Code Monkey home page Code Monkey logo

nebula-spark-connector's Introduction

NebulaGraph Spark Connector

中文版

Introduction

NebulaGraph Spark Connector 2.0/3.0 only supports NebulaGraph 2.x/3.x. If you are using NebulaGraph v1.x, please use NebulaGraph Spark Connector v1.0 .

NebulaGraph Spark Connector support spark 2.2, 2.4 and 3.0.

How to Compile

  1. Package NebulaGraph Spark Connector.

    $ git clone https://github.com/vesoft-inc/nebula-spark-connector.git
    $ cd nebula-spark-connector
    $ mvn clean package -Dmaven.test.skip=true -Dgpg.skip -Dmaven.javadoc.skip=true -pl nebula-spark-connector -am -Pscala-2.11 -Pspark-2.4

    if you want to use connector for spark 2.2.x, use the command:

    $ cd nebula-spark-connector
    $ mvn clean package -Dmaven.test.skip=true -Dgpg.skip -Dmaven.javadoc.skip=true -pl nebula-spark-connector_2.2 -am -Pscala-2.11 -Pspark-2.2
    

    if you want to use connector for spark 3.x, use the command:

    $ cd nebula-spark-connector
    $ mvn clean package -Dmaven.test.skip=true -Dgpg.skip -Dmaven.javadoc.skip=true -pl nebula-spark-connector_3.0 -am -Pscala-2.12 -Pspark-3.0
    

    After the packaging, you can see the newly generated nebula-spark-connector-3.0-SNAPSHOT.jar under the nebula-spark-connector/nebula-spark-connector/target/ directory.

New Features (Compared to NebulaGraph Spark Connector 1.0)

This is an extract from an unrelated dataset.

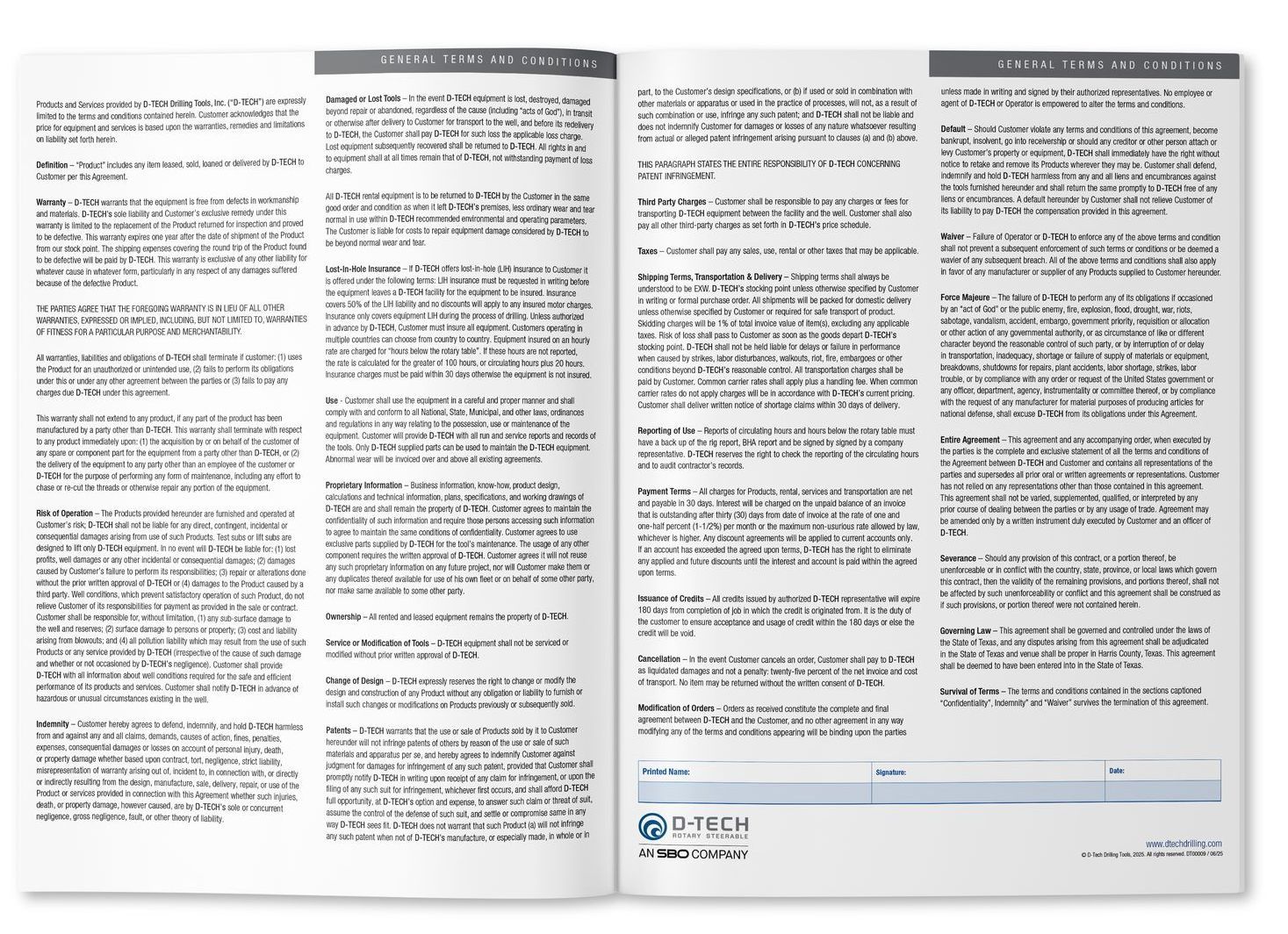 Fact Sheet Document for a company called D-Tech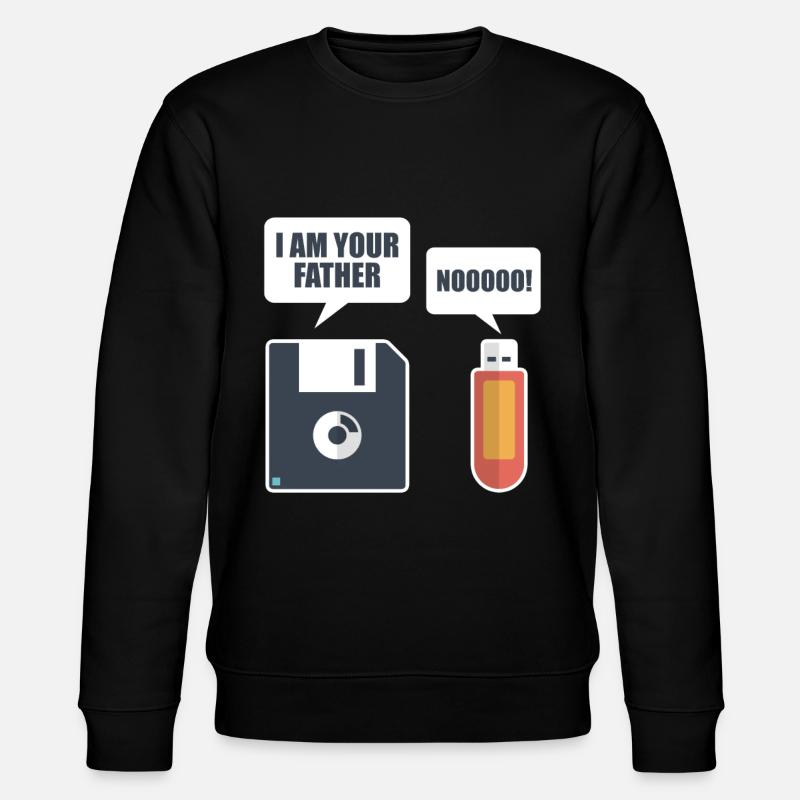 USB floppy disk - Stanley/Stella CHANGER Unisex Organic Sweatshirt - black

  • Supports more connection configurations, such as timeout, connectionRetry, and executionRetry.
  • Supports more data configurations, such as whether vertexId can be written as vertex's property, whether srcId, dstId and rank can be written as edge's properties.
  • Spark Reader Supports non-property, all-property, and specific-properties read.
  • Spark Reader Supports reading data from NebulaGraph to Graphx as VertexRD and EdgeRDD, it also supports String type vertexId.
  • NebulaGraph Spark Connector 2.0 uniformly uses SparkSQL's DataSourceV2 for data source expansion.
  • NebulaGraph Spark Connector 2.1.0 support UPDATE write mode to NebulaGraph, see Update Vertex .
  • NebulaGraph Spark Connector 2.5.0 support DELETE write mode to NebulaGraph, see Delete Vertex

How to Use

If you use Maven to manage your project, add one of the following dependency to your pom.xml:

<!-- connector for spark 2.4 -->
<dependency>
   <groupId>com.vesoft</groupId>
   <artifactId>nebula-spark-connector</artifactId>
   <version>3.0-SNAPSHOT</version>
</dependency>

<!-- connector for spark 2.2 -->
<dependency>
   <groupId>com.vesoft</groupId>
   <artifactId>nebula-spark-connector_2.2</artifactId>
   <version>3.0-SNAPSHOT</version>
</dependency>

<!-- connector for spark 3.0 -->
<dependency>
   <groupId>com.vesoft</groupId>
   <artifactId>nebula-spark-connector_3.0</artifactId>
   <version>3.0-SNAPSHOT</version>
</dependency>

Write DataFrame INSERT into NebulaGraph as Vertices:

  val config = NebulaConnectionConfig
    .builder()
    .withMetaAddress("127.0.0.1:9559")
    .withGraphAddress("127.0.0.1:9669")
    .build()
  val nebulaWriteVertexConfig: WriteNebulaVertexConfig = WriteNebulaVertexConfig
    .builder()
    .withSpace("test")
    .withTag("person")
    .withVidField("id")
    .withVidAsProp(true)
    .withBatch(1000)
    .build()
  df.write.nebula(config, nebulaWriteVertexConfig).writeVertices()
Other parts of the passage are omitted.